Il suffit de lire les chiffres pour mesurer l’ampleur du désastre : 1 600 incidents antisémites enregistrés en France en 2024. Des synagogues attaquées, des familles menacées, des enfants frappés à l’école. Et pourtant, certains diplomates européens — pas seulement français, mais aussi norvégiens et belges — trouvent le moyen d’accuser… les victimes. L’histoire bégaie dangereusement.
Ce qui rend ce discours encore plus insupportable, c’est l’amalgame permanent entre Israël, Tsahal et les juifs de diaspora. Comme si un enfant agressé à Lyon ou un rabbin insulté à Marseille étaient responsables de décisions militaires prises à Jérusalem. Comme si, en 1942, les juifs de Paris avaient été responsables des décisions de Washington ou de Londres… Cette logique est non seulement fausse, elle est mortifère. Elle légitime la haine.
À ce jeu-là, Paris joue avec le feu. La communauté juive de France — la plus grande d’Europe, la deuxième au monde après Israël — vit dans une insécurité permanente. On cache les kippot, on enlève les étoiles de David, on baisse la voix dans le métro. Et pendant ce temps, la diplomatie française donne des arguments aux agresseurs.

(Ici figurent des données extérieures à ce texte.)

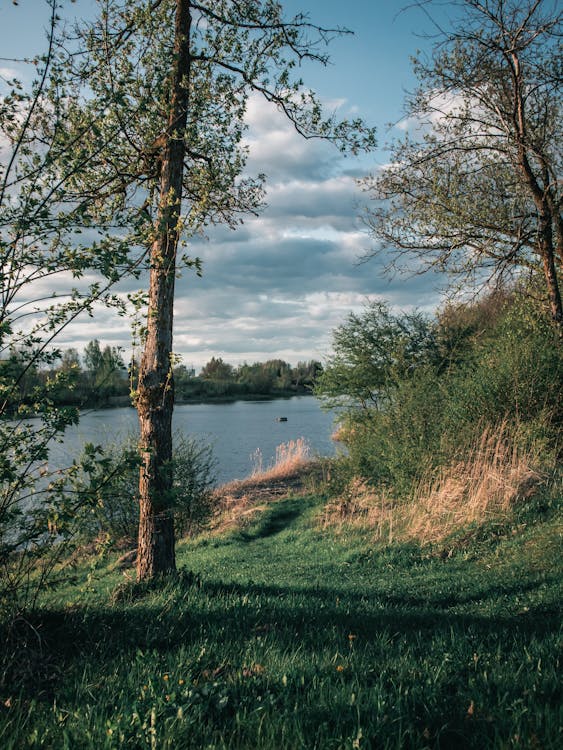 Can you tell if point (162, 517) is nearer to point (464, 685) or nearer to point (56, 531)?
point (56, 531)

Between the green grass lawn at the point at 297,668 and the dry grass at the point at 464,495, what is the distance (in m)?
2.53

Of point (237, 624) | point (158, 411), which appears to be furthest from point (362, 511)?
point (237, 624)

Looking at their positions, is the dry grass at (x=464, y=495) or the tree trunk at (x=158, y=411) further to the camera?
the dry grass at (x=464, y=495)

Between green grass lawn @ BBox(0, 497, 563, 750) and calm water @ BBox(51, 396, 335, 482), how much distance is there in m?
10.5

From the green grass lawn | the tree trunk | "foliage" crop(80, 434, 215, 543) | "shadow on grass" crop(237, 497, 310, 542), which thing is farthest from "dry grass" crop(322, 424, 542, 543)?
the tree trunk

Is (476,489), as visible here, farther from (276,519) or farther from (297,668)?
(297,668)

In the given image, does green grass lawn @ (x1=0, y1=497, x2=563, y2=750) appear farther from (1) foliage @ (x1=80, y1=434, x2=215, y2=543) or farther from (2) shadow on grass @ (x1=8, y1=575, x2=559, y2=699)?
(1) foliage @ (x1=80, y1=434, x2=215, y2=543)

Même Emmanuel Macron, qui aime se présenter en grand défenseur des valeurs universelles, a multiplié les ambiguïtés. Quand il flirte avec l’idée de reconnaître un État palestinien « pour des raisons morales », il oublie que cette décision, dans un contexte de haine, sera lue comme une validation de la violence antisémite. Le président Trump, lui, ne s’y trompe pas : il a déjà rappelé que céder aux pressions islamistes et aux lobbies pro-Hamas, c’est mettre en danger non seulement Israël mais l’Occident tout entier.
Ironie de l’histoire : l’ambassadeur de France prétend que ses propos ont été mal compris. Mais la rue antisémite, elle, les a très bien compris. Ce type de déclarations offre un carburant idéologique à ceux qui rêvent d’effacer la mémoire juive de France, à commencer par le saccage de l’arbre planté à la mémoire d’Ilan Halimi, assassiné en 2006 parce qu’il était juif.

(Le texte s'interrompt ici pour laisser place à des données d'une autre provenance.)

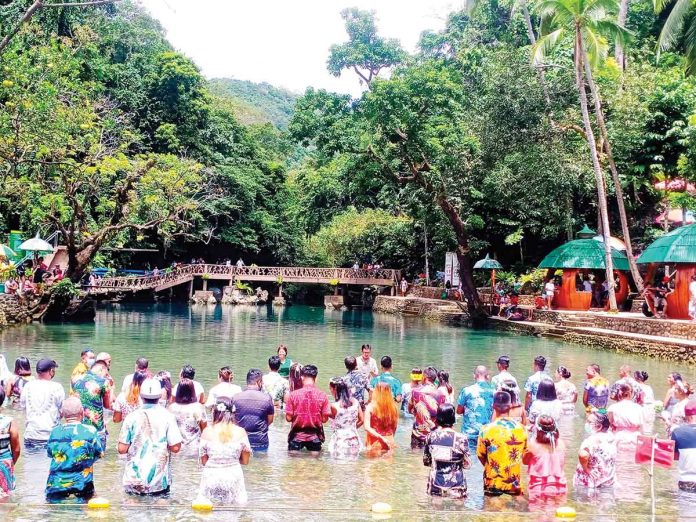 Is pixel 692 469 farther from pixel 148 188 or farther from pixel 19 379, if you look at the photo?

Alors, qui doit s’excuser ? Les juifs de France, encore une fois, pour leur existence ? Ou une diplomatie française qui semble oublier que la République a des principes, et que le premier d’entre eux est la protection de ses citoyens ?

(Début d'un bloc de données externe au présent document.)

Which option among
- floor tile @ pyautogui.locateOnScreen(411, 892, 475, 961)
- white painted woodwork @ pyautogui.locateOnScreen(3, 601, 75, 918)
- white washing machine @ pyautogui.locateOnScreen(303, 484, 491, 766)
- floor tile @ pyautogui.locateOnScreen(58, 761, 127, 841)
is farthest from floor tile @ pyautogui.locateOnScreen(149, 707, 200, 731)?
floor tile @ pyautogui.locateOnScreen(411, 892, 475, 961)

En refusant de présenter des excuses, l’ambassadeur et, au-delà, le Quai d’Orsay, envoient un message clair : l’antisémitisme peut toujours trouver une excuse politique. Mais ce n’est pas une excuse qu’attendent les juifs de France. C’est une protection. Et si la France ne peut plus la garantir, alors c’est Israël qui, une fois encore, deviendra leur refuge naturel.